HI ,
Assuming that your looking for streaming   use case , i think this is a better approach 
  1. Send Avro from logstash  ,better performance.
  2. Deserialize it to POJO .
  3. Do logic...



On Mon, Apr 23, 2018 at 4:03 PM, Lehuede sebastien <lehuede.s@gmail.com> wrote:
Hi Guys,

I'm actually trying to understand the purpose of Table and in particular KafkaJsonTableSource. I try to see if for my use case ths can be usefull. 

Here is my context :

I send logs on logstash, i add some information (Type, Tags), Logstash send logs to Kafka in JSON format and finally i use Flink-Connector-Kafka to read from Kafka and parse the logs.

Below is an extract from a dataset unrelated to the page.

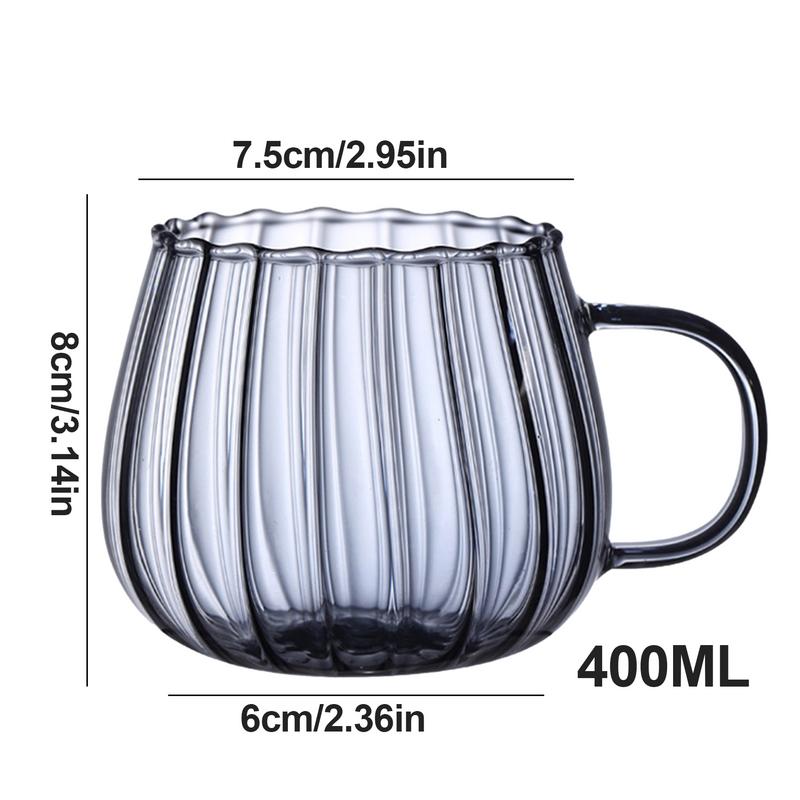 1Pcs Heat-Resistant with Handle Stripes Glass Mug Breakfast Milk Cup Cute Office Home Coffee Mugs Pumpkin Pattern Drinkware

Before any processing events from Kafka to Flink look like this :

{"message":"accept service_id: domain-udp; src: 1.1.1.1; dst: 2.2.2.2; proto: udp; product: VPN-1 & FireWall-1; service: 53; s_port: 32769","@timestamp":"2018-04-20T14:47:35.285Z","host":"FW"}

Then i use "JSONDeserializationSchema" to deserialize events :

FlinkKafkaConsumer011<ObjectNode> kafkaConsumer = new FlinkKafkaConsumer011<>("Firewall",new JSONDeserializationSchema(),properties);

I take the value of the key "message" :

public String map(ObjectNode value) throws Exception {
                                String message = value.get("message").asText();

Then parse it with Java Regex and put each match group in a String/Int/... :

action : accept
service_id : doamin-udp
src_ip : 1.1.1.1
dst_ip : 2.2.2.2
.....

Now i want to replace "message" key by "rawMessage" and put each match group in JSON object to obain the final result :

{"rawMessage":"accept service_id: domain-udp; src: 1.1.1.1; dst: 2.2.2.2; proto: udp; product: VPN-1 & FireWall-1; service: 53; s_port: 32769",
"@timestamp":"2018-04-20T14:47:35.285Z",
"host":"FW",
"type":"firewall",
"tags":["Checkpoint"],
"action":"accept",
"service_id":"domain-udp",
"src_ip":"1.1.1.1",
"dst_ip":"2.2.2.2",
...}

I'm a newbie with Streaming Application technologies, with Flink, and for the moment i still discover how it works and what are the different fonctionnalities. But when i was looking for a solution to obtain my final result, i came across KafkaJsonTableSource. 

Does anyone think this can be a good solution for my use case ? 

I think i will be able to store JSON from Kafka, process data then modify the table and send data to another Kafka, is it correct ? 

Regards,
Sebastien